(DATA FOR THIS EXERCISE)
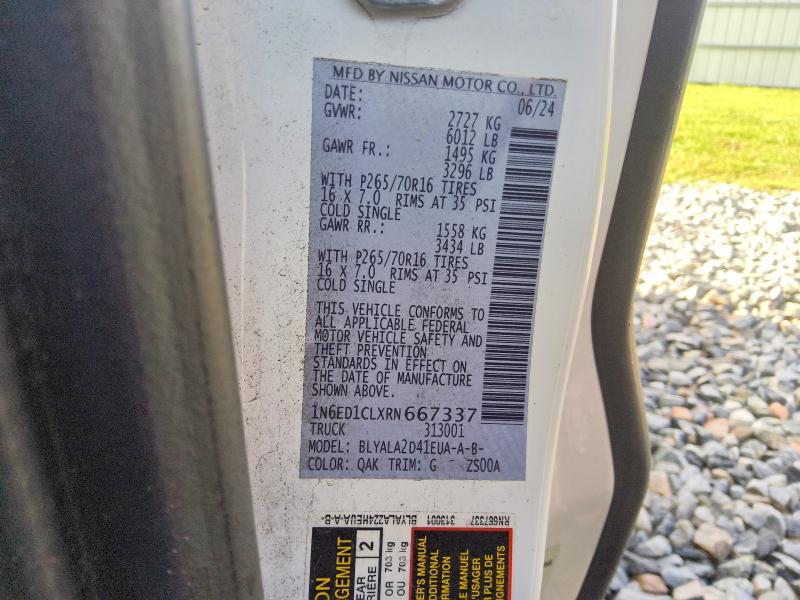 Photo 13 from auction – 2024 NISSAN FRONTIER with VIN 1N6ED1CLXRN667337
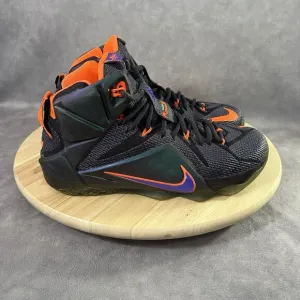 Nike LeBron 12 XII Instinct Purple Crimson Mens 7.5 Athletic Sneakers Shoes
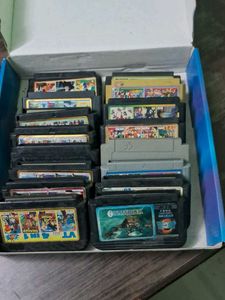 Retro Game Cartridge Collection
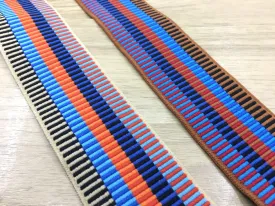 2 inch (50mm) Wide Colorful Striped Jacquard Soft Elastic Bands,Waistband Elastic,Sewing Elastic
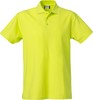 Clique 028230 Basic Polo - Signaalgroen - XS afbeelding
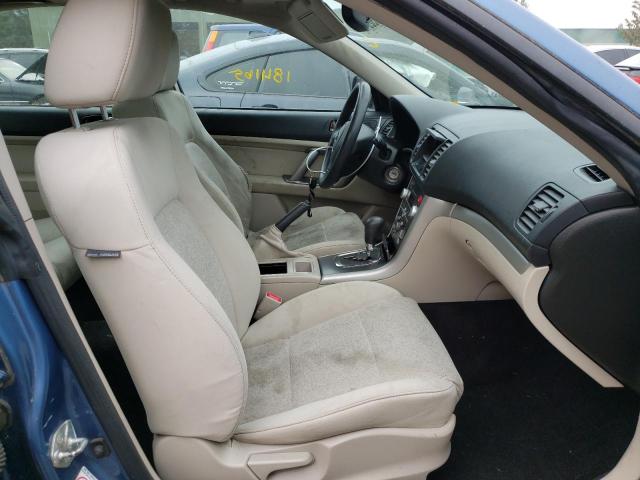 Photo 5 from auction – 2009 SUBARU LEGACY 2.5 with VIN 4S3BL616897235532
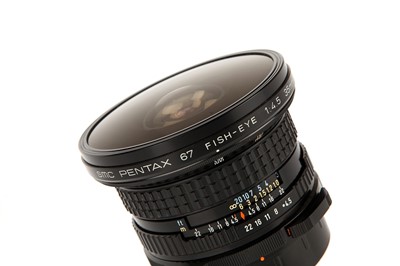 Lot 1251 - An Asahi Pentax 67 Fish-Eye f/4.5 35mm Lens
(End DATA FOR THIS EXERCISE)
**TASK DESCRIPTION:** Output all the records above again exactly, with the pictures dropped.

**TASK RESPONSE:**
 Photo 13 from auction – 2024 NISSAN FRONTIER with VIN 1N6ED1CLXRN667337
 Nike LeBron 12 XII Instinct Purple Crimson Mens 7.5 Athletic Sneakers Shoes
 Retro Game Cartridge Collection
 2 inch (50mm) Wide Colorful Striped Jacquard Soft Elastic Bands,Waistband Elastic,Sewing Elastic
 Clique 028230 Basic Polo - Signaalgroen - XS afbeelding
 Photo 5 from auction – 2009 SUBARU LEGACY 2.5 with VIN 4S3BL616897235532
 Lot 1251 - An Asahi Pentax 67 Fish-Eye f/4.5 35mm Lens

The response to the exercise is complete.